A las puertas del Centre Bell, estadio de hockey de Montreal, el ambiente era el jueves pasado el de los grandes días. No solo por la rivalidad que enfrenta desde hace un siglo a los locales, los Canadiens, y los estadounidenses Boston Bruins, dos de los seis equipos originales de la liga NHL, sino también porque faltaban siete cruces para el final de la temporada regular, y los de Montreal debían ganar para aspirar a los playoffs. En cuanto a los Bruins, han firmado un año para olvidar, y, tras nueve derrotas consecutivas, su único objetivo era el de la honra: no igualar el peor registro de su historia. No pudo ser: al final de un partido que fue intenso, bronco a ratos, volvieron a caer (4-1).

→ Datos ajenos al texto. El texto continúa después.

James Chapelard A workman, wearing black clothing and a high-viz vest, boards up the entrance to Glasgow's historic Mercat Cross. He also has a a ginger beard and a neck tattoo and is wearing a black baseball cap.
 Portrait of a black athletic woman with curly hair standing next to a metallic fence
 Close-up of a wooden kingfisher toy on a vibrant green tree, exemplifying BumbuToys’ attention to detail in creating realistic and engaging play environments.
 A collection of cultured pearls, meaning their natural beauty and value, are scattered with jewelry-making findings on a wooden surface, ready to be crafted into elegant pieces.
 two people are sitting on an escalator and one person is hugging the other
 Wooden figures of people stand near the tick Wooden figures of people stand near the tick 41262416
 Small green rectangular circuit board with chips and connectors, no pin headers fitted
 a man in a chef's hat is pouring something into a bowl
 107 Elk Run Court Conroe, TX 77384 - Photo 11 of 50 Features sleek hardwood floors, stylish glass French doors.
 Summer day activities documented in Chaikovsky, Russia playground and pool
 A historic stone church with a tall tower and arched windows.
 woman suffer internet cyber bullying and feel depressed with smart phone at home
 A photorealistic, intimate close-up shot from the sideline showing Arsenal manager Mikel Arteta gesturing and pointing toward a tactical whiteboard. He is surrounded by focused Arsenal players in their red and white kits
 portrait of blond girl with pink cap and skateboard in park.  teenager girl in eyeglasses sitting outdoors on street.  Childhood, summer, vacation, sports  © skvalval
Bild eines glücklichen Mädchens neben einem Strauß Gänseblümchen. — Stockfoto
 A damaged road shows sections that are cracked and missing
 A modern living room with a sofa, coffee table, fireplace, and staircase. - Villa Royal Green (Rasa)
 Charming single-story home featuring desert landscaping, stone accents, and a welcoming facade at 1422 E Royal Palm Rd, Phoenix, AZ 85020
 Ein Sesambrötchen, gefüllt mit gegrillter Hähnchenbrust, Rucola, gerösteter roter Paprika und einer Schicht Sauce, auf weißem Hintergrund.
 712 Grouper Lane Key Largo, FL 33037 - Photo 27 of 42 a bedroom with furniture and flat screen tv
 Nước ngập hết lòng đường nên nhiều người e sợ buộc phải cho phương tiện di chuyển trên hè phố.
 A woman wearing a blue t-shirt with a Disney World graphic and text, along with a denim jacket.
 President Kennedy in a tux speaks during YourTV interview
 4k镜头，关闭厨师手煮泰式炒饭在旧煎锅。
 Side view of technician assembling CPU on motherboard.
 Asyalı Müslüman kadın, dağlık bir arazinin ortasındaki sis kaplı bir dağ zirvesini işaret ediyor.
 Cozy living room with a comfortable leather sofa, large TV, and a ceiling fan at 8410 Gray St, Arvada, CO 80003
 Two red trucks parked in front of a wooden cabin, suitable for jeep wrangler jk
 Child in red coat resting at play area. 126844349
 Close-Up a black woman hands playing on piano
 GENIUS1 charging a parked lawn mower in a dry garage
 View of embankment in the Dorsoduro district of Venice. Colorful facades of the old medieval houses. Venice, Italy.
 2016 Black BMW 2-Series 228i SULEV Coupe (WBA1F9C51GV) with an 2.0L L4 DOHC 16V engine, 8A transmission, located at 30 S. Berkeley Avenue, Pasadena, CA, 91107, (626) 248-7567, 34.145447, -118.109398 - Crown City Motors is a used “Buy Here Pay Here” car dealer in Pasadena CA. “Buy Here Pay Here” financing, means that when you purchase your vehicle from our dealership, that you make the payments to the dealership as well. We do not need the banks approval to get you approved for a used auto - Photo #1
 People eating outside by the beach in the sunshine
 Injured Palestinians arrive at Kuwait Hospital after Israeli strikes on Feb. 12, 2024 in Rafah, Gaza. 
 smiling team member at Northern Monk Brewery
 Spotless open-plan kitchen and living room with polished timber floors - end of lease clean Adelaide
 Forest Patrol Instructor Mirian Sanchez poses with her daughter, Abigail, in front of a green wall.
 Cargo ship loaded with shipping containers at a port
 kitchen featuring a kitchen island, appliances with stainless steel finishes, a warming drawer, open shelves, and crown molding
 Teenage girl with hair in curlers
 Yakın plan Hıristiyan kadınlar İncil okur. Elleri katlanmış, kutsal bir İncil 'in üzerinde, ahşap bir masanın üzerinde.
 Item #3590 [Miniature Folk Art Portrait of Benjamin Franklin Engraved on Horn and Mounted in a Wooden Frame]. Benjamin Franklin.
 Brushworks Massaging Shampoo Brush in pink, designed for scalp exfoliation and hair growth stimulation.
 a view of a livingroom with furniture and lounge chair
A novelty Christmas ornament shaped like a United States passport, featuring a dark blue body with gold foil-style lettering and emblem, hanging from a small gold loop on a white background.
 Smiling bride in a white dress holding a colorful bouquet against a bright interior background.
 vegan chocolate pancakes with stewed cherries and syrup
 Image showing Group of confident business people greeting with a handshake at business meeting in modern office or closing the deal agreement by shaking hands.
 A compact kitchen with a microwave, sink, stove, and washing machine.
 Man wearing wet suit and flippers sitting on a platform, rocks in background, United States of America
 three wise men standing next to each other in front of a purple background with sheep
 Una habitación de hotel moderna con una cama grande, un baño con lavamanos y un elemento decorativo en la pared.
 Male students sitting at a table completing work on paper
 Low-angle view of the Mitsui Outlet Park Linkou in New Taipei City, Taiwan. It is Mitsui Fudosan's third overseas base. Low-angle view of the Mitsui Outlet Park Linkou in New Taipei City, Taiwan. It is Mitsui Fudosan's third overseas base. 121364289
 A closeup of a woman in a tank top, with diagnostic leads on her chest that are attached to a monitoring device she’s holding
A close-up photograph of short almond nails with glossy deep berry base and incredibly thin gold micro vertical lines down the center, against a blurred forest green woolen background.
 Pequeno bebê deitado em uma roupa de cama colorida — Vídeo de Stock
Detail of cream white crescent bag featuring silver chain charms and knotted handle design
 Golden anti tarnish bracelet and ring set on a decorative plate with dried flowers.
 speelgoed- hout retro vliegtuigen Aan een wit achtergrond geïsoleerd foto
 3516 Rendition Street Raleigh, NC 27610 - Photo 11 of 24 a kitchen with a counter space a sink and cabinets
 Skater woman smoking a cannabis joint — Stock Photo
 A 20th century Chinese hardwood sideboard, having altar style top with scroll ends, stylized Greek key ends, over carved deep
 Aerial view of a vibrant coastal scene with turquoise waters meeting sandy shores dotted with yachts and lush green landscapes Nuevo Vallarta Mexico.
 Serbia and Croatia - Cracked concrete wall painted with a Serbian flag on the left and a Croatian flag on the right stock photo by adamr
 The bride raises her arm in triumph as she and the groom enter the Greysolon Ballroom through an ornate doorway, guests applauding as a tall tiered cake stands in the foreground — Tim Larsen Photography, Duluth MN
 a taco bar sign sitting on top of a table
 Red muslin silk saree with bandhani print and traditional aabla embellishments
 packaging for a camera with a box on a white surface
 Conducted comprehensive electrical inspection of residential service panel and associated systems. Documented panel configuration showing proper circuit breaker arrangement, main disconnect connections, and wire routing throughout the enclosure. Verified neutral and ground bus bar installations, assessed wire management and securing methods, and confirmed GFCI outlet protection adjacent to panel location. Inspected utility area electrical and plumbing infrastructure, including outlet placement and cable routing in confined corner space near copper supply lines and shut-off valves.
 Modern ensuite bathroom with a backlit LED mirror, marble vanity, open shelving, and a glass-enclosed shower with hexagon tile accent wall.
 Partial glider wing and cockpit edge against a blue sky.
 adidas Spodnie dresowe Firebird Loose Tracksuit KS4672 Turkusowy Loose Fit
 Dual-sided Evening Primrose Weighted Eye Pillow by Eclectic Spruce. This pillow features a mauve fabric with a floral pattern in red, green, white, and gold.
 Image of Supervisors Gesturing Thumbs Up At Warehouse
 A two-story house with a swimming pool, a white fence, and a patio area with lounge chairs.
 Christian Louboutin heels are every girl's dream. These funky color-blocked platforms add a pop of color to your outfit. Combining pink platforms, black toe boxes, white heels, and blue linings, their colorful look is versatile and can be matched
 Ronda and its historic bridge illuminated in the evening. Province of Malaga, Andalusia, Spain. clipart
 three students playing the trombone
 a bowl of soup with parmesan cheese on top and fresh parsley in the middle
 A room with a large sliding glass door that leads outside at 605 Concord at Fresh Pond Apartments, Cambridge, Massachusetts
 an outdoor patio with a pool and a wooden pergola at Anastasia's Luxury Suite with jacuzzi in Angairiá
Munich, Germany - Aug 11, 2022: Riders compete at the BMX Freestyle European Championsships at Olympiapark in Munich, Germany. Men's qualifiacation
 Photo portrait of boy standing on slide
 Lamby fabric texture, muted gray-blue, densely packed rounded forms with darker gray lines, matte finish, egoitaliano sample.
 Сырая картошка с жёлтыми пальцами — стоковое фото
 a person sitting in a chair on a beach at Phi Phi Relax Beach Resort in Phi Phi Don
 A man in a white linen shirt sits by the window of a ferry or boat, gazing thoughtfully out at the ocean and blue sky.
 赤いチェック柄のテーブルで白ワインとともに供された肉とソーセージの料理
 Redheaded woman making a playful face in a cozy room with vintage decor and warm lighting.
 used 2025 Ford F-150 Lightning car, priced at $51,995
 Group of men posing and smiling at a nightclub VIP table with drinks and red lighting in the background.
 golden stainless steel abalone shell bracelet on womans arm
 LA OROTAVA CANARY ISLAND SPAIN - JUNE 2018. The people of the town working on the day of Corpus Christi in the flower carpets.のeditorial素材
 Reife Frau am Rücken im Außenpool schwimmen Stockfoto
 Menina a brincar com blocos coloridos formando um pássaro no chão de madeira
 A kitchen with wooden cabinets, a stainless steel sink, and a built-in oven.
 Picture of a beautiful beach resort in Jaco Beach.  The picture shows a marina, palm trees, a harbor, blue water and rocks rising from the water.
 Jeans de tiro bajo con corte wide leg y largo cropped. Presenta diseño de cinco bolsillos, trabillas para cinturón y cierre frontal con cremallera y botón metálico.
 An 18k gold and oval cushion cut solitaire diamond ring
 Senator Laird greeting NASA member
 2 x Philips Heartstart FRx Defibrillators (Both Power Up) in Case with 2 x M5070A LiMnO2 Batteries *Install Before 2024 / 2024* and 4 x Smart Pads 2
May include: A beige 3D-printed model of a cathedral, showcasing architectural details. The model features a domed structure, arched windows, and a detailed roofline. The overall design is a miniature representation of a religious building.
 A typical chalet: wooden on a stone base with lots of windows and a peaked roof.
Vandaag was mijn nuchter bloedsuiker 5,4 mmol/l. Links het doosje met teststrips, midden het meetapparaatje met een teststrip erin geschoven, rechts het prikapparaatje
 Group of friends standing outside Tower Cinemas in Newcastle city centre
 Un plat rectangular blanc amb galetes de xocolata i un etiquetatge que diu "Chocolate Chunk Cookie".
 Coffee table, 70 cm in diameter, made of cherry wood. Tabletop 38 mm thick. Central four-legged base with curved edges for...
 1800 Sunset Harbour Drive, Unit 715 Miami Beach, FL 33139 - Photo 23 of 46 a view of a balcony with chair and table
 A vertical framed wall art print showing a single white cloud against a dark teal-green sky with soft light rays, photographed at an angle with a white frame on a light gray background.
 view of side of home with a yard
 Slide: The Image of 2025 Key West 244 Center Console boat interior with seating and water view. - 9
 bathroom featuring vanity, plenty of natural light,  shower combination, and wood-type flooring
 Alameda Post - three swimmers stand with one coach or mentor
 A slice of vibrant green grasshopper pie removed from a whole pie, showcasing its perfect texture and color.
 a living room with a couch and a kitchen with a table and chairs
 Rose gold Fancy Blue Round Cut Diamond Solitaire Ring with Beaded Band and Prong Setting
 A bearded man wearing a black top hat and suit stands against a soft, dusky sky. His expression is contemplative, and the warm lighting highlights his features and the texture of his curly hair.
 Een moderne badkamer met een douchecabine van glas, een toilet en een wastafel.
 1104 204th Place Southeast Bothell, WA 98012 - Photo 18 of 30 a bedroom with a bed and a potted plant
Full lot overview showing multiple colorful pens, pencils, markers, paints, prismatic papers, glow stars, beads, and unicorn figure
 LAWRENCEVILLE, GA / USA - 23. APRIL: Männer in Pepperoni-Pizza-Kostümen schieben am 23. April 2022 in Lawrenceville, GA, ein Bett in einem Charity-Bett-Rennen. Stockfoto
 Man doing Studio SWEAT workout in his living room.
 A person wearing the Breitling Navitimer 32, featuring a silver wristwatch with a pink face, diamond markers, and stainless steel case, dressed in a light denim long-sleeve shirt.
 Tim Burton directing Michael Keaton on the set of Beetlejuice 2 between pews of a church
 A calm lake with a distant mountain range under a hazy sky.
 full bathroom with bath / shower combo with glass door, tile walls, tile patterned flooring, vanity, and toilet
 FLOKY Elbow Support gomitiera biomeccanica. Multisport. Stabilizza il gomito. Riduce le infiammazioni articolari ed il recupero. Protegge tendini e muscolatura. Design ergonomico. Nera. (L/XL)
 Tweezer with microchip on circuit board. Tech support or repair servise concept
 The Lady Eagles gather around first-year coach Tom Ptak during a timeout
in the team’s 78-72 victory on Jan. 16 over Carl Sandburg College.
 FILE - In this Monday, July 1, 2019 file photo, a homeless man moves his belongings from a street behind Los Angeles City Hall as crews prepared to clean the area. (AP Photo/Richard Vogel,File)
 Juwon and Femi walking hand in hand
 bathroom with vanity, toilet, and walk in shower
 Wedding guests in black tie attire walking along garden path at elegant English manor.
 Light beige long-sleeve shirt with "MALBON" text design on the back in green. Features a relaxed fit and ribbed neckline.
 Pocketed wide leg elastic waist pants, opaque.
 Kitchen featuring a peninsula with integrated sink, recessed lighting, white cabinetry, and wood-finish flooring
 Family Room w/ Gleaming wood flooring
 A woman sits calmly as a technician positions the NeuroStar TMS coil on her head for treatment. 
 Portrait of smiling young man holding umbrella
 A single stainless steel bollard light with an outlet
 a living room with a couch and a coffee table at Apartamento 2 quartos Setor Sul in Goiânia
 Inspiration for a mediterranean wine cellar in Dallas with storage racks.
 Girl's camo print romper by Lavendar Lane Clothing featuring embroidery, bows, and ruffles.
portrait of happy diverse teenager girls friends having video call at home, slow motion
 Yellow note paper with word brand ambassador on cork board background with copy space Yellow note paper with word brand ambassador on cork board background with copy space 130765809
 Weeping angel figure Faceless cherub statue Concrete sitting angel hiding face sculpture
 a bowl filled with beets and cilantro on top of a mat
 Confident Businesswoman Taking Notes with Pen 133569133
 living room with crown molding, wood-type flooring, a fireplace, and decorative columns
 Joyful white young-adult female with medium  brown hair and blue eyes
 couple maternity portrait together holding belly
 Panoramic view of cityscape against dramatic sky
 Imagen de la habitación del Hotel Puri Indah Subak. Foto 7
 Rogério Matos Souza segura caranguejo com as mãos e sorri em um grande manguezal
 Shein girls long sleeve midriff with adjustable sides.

“Cuando nos enfrentamos a Boston, siempre saltan las chispas”, decía Gerald Dubeau, vestido con la equipación roja de los Canadiens poco antes del comienzo del encuentro, “pero es que además es el primer partido desde la entrada en vigor [el miércoles] de los aranceles de Donald Trump. Será interesante ver cómo reacciona el público”. Mark Chabot recordaba un poco más allá que desde 1993 ningún equipo canadiense ha levantado la Stanley Cup. “Y ya toca que el trofeo regrese a casa”, añadía. Después de todo, la Federación Internacional de Hockey considera que el primer partido de la historia se jugó hace 150 años en Montreal.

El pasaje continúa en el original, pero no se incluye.